Wednesday, June 11, 2008

Only one way to take away Jon Draud's fancy car

Education Commissioner Jon Draud has announced his study group on educational assessment. That's the CATS test Senate Republicans tried unsuccessfully to get rid of earlier this year. Draud is the arrogant SOB you are paying $220,000 to drive around in a luxurious car you bought for him. Your elected representatives voted to fatten his pension (HB 470). And this morning, you bought him a tankful of gas.

Blog readers may remember that we got rid of the last creep who came in here to blow smoke at us in the name of our children. I don't see how anyone can take Draud seriously to really address education issues at a time in which doing so couldn't be more important.

Do you?

Tuesday, June 10, 2008

Pucker factor Thursday

This will drive the hater bureaucrats in Lexington crazy, but I'm hearing a lot of chatter around the Fayette County Detention Center about the first round of federal indictments coming down this Thursday.

After so many false alarms, I'm not exactly holding my breath. But after two years of investigation, getting the prosecution phase of this saga going would provide a welcome pressure release for the good guys. And an even more welcome punch to the gut of those who have lied, obstructed, and intimidated their way through life for way too long.

The pusillanimous FCDC Deputy Director Don Leach may have buried the latest sexual harassment complaint, but several employees who claim to have suffered his bullying for years are encouraged that the questioning of his various activities by officials seems rather precise.

Skippy can't dance

Gov. Steve Beshear may have missed the irony of putting the same guy who ran the KAPT program into the ground in charge of his study group for public employee pension reform.

But as the General Assembly moves toward to a special session for the purpose of putting a Band-Aid on the bloody mess, the possibility exists Jonathan Miller and Beshear could become accidental heroes for fiscal sanity.

The closer we get to insolvency of the fringe benefits systems, the more discretionary spending will get crowded out in favor of piles of cash for employees and retirees. Heck of a way to instill discipline, but with these guys it's surely our only shot.

Will Obama mess up KY's pension reform party?

The mainstream media is pretty excited to see the General Assembly, the teachers union, and other "stakeholders" join hands over their latest plan to tweak our way out of the $26 billion public employee fringe benefit disaster.

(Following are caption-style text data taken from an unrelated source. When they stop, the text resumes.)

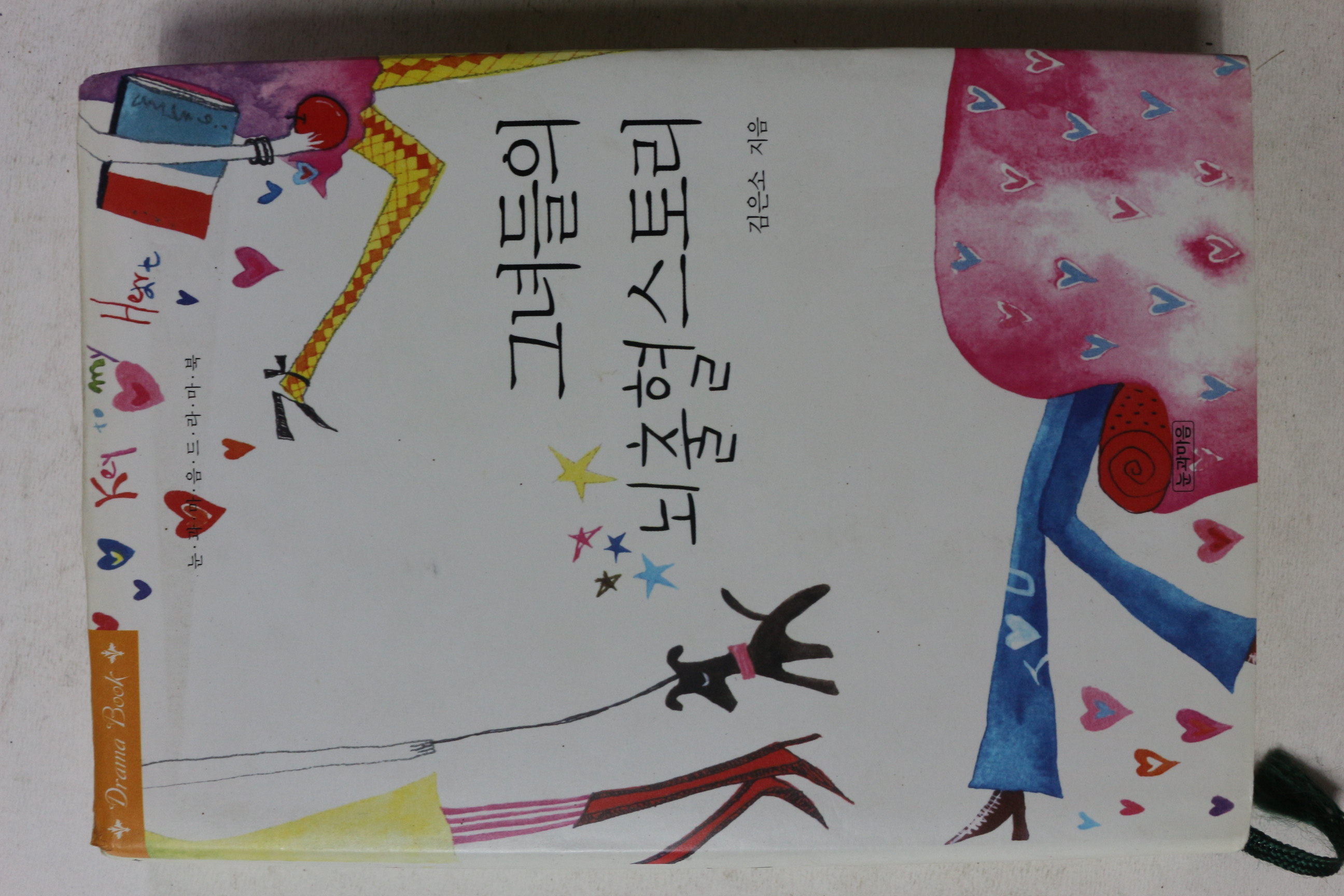 2005년초판 김은소 그녀들의 뇌출혈스토리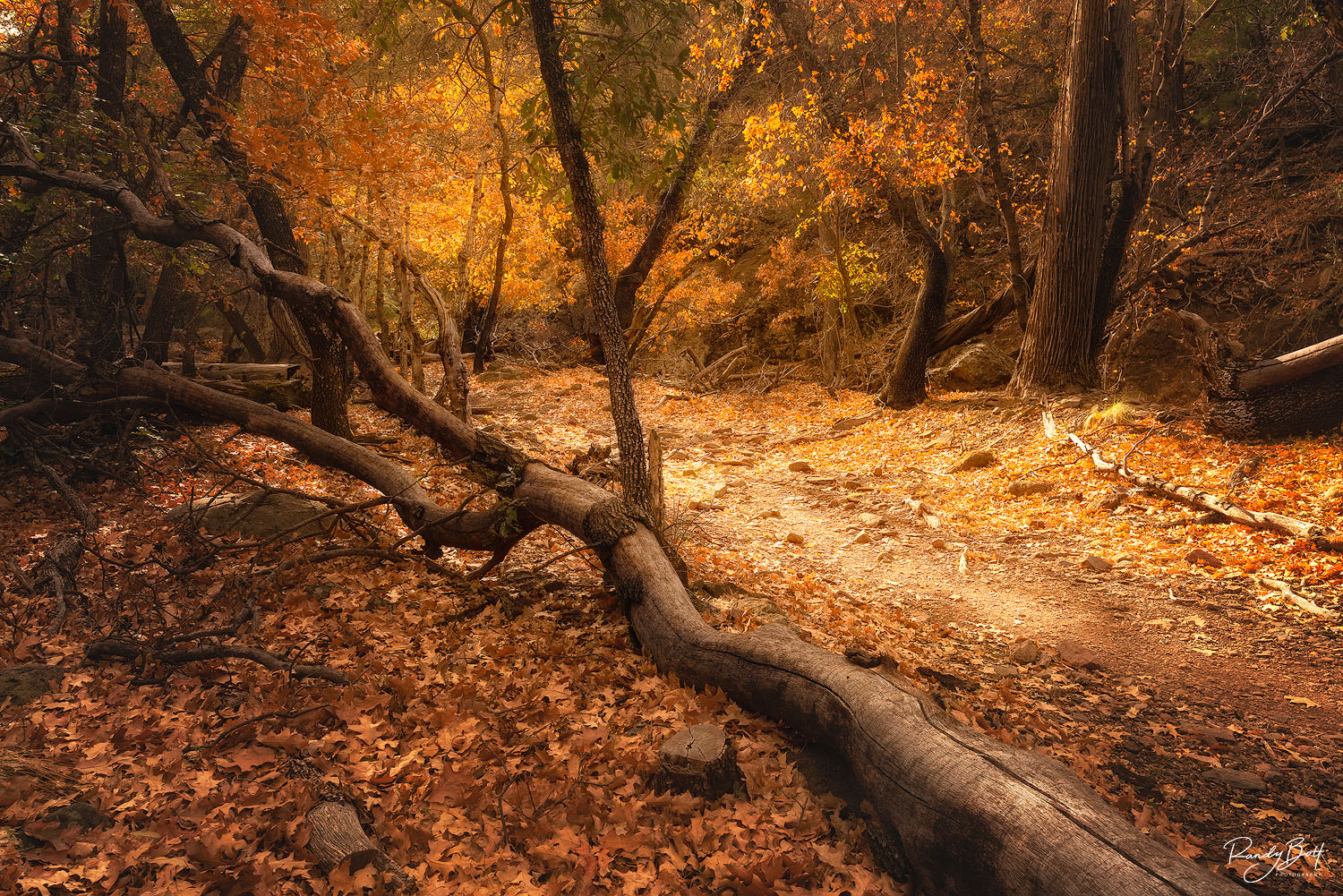 where to buy fine art prints.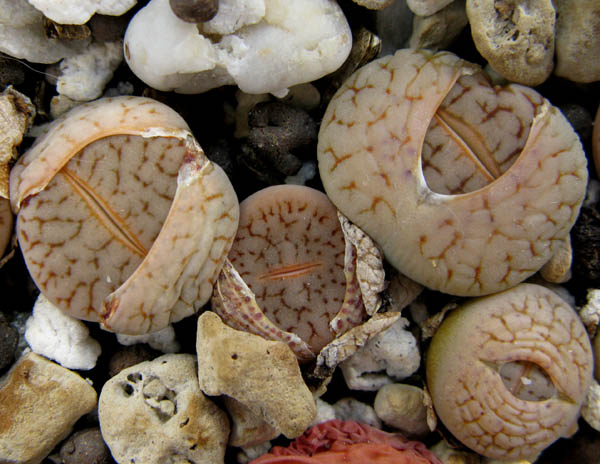 Lithops pseudotruncatella v. dendricia C 072 (65km West-South-West of Rehoboth, Namibia)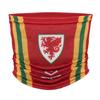 FA Wales Retro Snood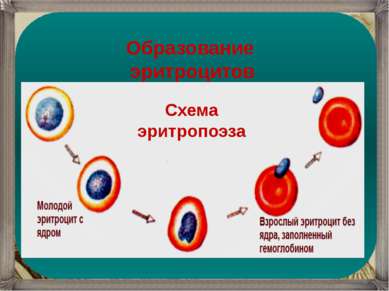 Схема эритропоэза Образование эритроцитов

The reason for all the hand-holding and singing is that Frankfort is counting on President Barack Obama to implement a federal universal health insurance plan, thereby removing the states' responsibilities for employee health coverage. Since most of the actual problem with the "pension" mess is the opulent health insurance benefits given to public employees, we continue to celebrate official inaction.

Maybe President Obama will make corruption illegal in our public school systems so we won't have to worry about that, either.

Anti-smoking Nazis ride north

County officials in Kenton, Campbell, and Boone counties are trying to spring public smoking bans on the people of their counties simultaneously this summer without much public discussion.

More evidence of tax dollars working to fool you

If you have kids in public schools in Kentucky, expect to see more nonsense over the next six years relating to school "testing" than you have ever seen in your life.

Here is why.

Help us rebuild Bluegrass Institute

The hacker who took down the Bluegrass Institute, it turns out, did a heck of a job.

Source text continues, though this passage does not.